By Daniel Payne
Tuesday, May 24, 2016
Donald Trump is not worthy of your vote. He is manifestly
unfit to be the president of these United States; he is perhaps the least
qualified, most unqualified candidate to ever secure a party’s nomination.
Nothing that happens between now and Election Day can possibly change this. He
has proven himself irredeemably incompetent for the presidency. You should not
vote for him.
You should vote for Hillary Clinton instead.
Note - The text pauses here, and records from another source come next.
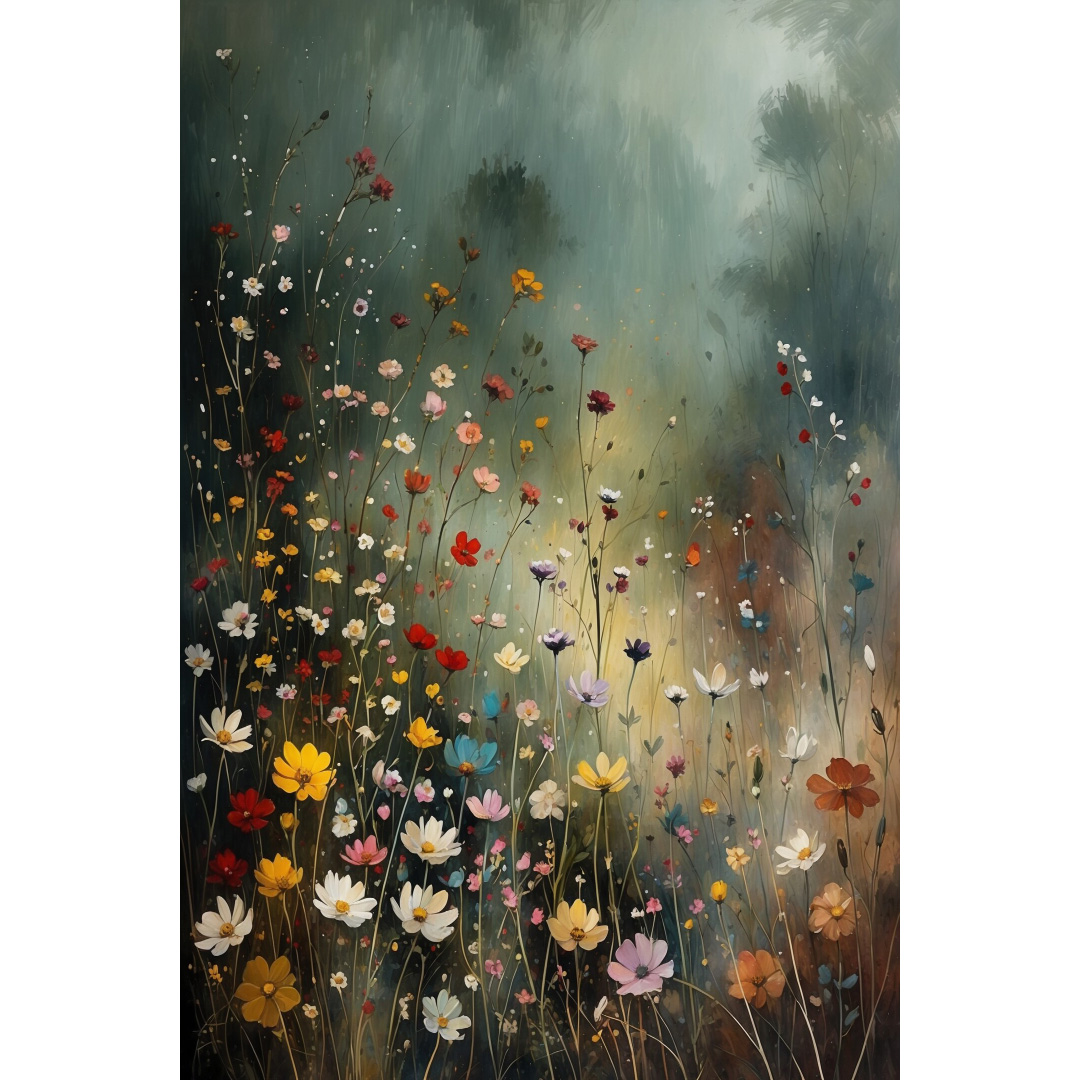 Hand-Painted Impasto Wildflower Meadow, Textured Abstract Botanical Oil Painting for Statement Walls (2026-000-01)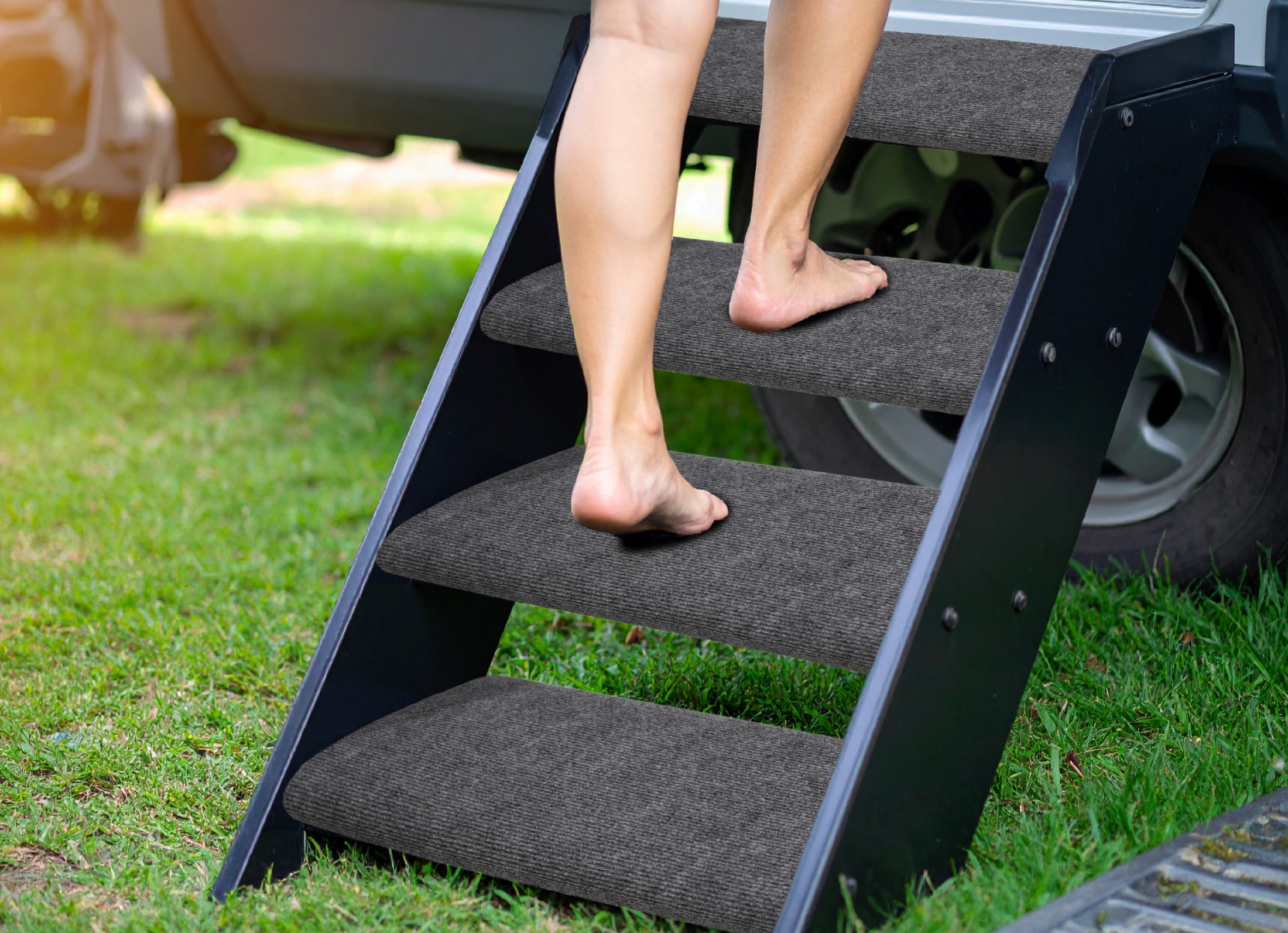 Auto Drive Gray RV Step Mat 18x18 Inches for Outdoor Use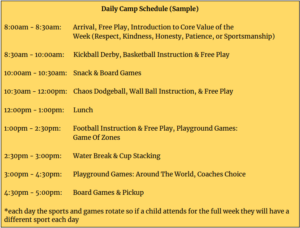 Daily SportHQ Camp Schedule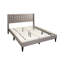 Lit double avec tête de lit en toile de jute brune et motif à losanges, plateforme moderne sans sommier tapissier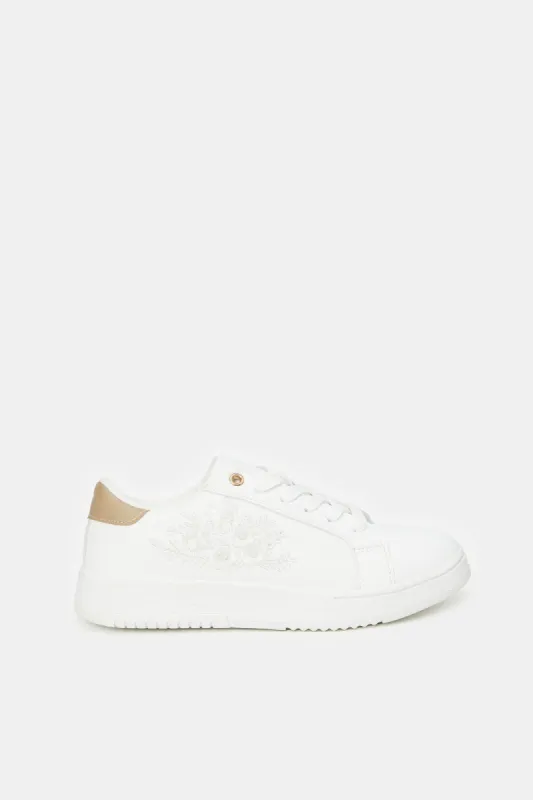 Women White Embroidered Lace Up Sneaker sold by Redtag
My colleague Tom Nichols made the conservative case for
Hillary earlier this year. The case still stands. Hillary would be an awful
president—incompetent in her own right, self-serving, scheming, inept on the
world stage and heavy-handed at home—and she would also usher in another four
to eight years of screeching, grating identity politics, this time on behalf of
America’s professional, perpetually aggrieved feminist class. Even one term of
Clinton would be awful.
Yet there are two reasons to vote for her. The first is
that she would provide a useful rallying point for conservatives; nothing could
prove the necessity of conservatism like eight years of American government
with Hillary Clinton heading the executive branch. The first election after
Hillary’s tenure has ended will be tailor-made for a Ted Cruz, Marco Rubio, or
Scott Walker.
The second and most important reason to vote for Hillary
is this: she is not Donald Trump. Rather than dance around it, it is more
worthwhile to simply make the case that Trump is radically unsuited for the
presidency and should be kept from it at all costs.
1. Donald Trump Is
a Serial Liar
Trump is perhaps the most serially dishonest person to
have ever sought the presidency; he makes Bill Clinton look like a cherub in comparison.
He lies easily and with an unstudied grace, as if it were a second language
taught to him from an early age.
To take just a small sampling of his profound and
profligate dishonesty: he lies about posing as his own P.R. flack. He lies
about the woman his campaign manager assaulted. He lies about accusing other
people of lying. He lies about the size of his winery. He lies about his
knowledge of the Klu Klux Klan. He lies about his position on tariff policy. He
lies about black-on-white crime. He lies about the Ford Motor Company’s
manufacturing decisions. He lies about how many books he’s sold. He lies about
the gross domestic product.
He lies about self-funding his campaign; he lies about
the amount of money spent opposing him; he lies about how much money he
contributes to his own campaign. He lies about the September 11 terrorist
attacks. He lies about his position on American detainees in Iran. He lies
about American infrastructure. He lies about ISIS. He lies about his net worth.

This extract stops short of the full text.